Why You Need to Build an Execution Machine to Succeed

It’s in the self interest of many constituents to complicate how business should be successfully conducted.

There are finance experts who promulgate principles for having a healthy balance sheet; sales wizards who describe what an effective sales funnel looks like; inventory management specialists who define the level of product turnover required to drive optimum operating margins and leadership pundits who prescribe the fundamentals necessary to maximize employee engagement and loyalty.

Each discipline brings their own specific area of expertise to the table to help organizations enhance their performance, but how does leadership determine which specific tools are key to improvement?

It’s too complicated.

There are numerous moving parts involved in how an organization operates, and determining how each component part should be synchronized to optimize overall effectiveness is an extremely difficult challenge.

It’s like a golfer trying to improve their game. There are lessons in how to address the ball, grip the club; the backswing; the ball impact; shifting body weight; and the follow through (to mention only a few!). The golfer focuses on the grip and can’t assimilate the rest of the swing fundamentals; their game doesn’t improve to the level they expect. They are frustrated.

It doesn’t have to be that way.

Business CAN be simplified; it can be boiled down to a single crucial focus that drives sustaining levels of remarkable performance.

Leaders should be building organizations to EXECUTE brilliantly; building execution as a core competency and applying it to ANY strategy they create. And if they do, they WILL outperform their peers and outpace their competitors.

Pay attention to these four execution fundamentals .

  • Loosen up on planning . THE most critical element of performance is how well the strategy is carried out. Yes, a “good” plan with a sensible direction is required but if execution falters the plan is worthless. An average plan brilliantly executed produces far better performance than what people might consider to be a “brilliant” strategy that can’t be satisfactorily executed.

    So invest 80% of the time available on EXECUTION planning; 20% on STRATEGIC planning.
  • Lead by serving those in the trenches . Serving leadership cultures unleash individual executional effort and lead to unexpected and amazing results contrary to its “command and control” cousin.

    “What can I do to help you?” is the question servant leaders pose to reduce grunge and eliminate internal barriers that prevent things from getting done.
  • Recruit people “lovers” . Transactions continue to happen when an employee invests honest emotional energy in taking care of a customer. Execution prowess demands that millions of mind blowing “moments of truth” occur seamlessly between an organization and its customers.

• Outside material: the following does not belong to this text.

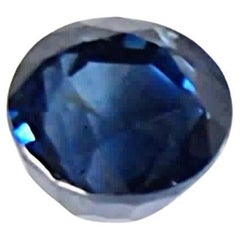 1.8ct Round Natural Vivid Blue Sapphire Gemstone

    This happens ONLY when employees have the natural inbred desire to serve their fellow man.

    And remember you can’t TRAIN people to love people; you can train ‘em to grin but that’s about it.
  • Stop selling; start serving . Flogging products and services tries to advance the organization’s agenda, not the customer’s. This one-sided dynamic may result in a single short term transaction but does nothing to create an annuity stream of revenue over the long haul.

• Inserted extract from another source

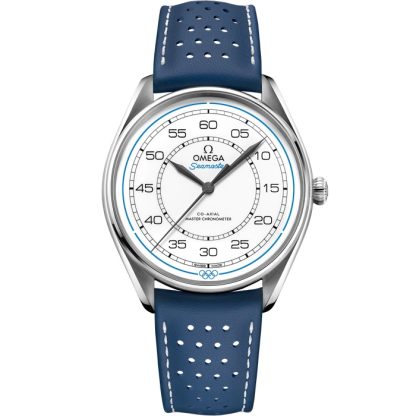Omega Limited Edition Set Seamaster Offizieller olympischer Zeitnehmer 39,5 mm, Stahl mit Lederarmband 522.32.40.20.04.001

    Execution genius looks out to the horizon, so organizations need to be “mindless” about building and deepening rich customer relationships by serving THEM; marching to THEIR agenda; subordinating the interests of the BUSINESS to THEIR interests.

    Keep it simple.
  • Build an execution machine first, THEN use the self interest constituents to fine tune it with the relevant micro stuff these experts love to pitch.